Please write out every line of the material, leaving out any picture.

| INPUT DATA |
# # # # # # #

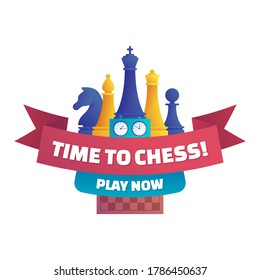 Time to chess, play now isolated sticker. Chess club label design with pieces, double clock and chessboard. Intellectual duel and tactical battle on chess board vector illustration.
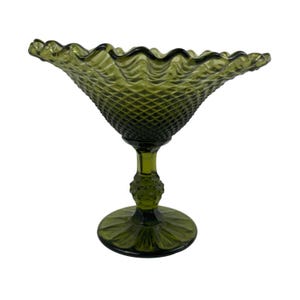 Vintage Green Glass Compote With Diamond Pattern & Ruffled Edge Pedestal Bowl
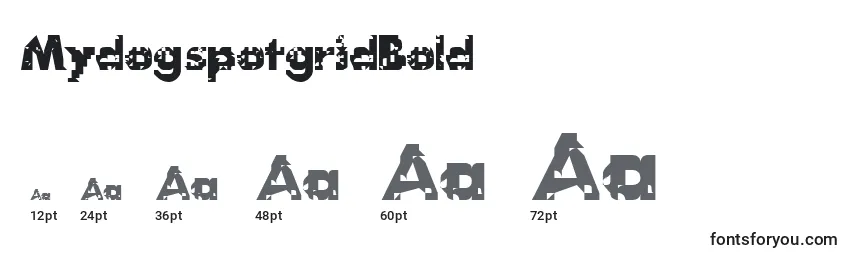 MydogspotgridBold Font Sizes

# # # # # # #

| RESULT |
 Time to chess, play now isolated sticker. Chess club label design with pieces, double clock and chessboard. Intellectual duel and tactical battle on chess board vector illustration.
 Vintage Green Glass Compote With Diamond Pattern & Ruffled Edge Pedestal Bowl
 MydogspotgridBold Font Sizes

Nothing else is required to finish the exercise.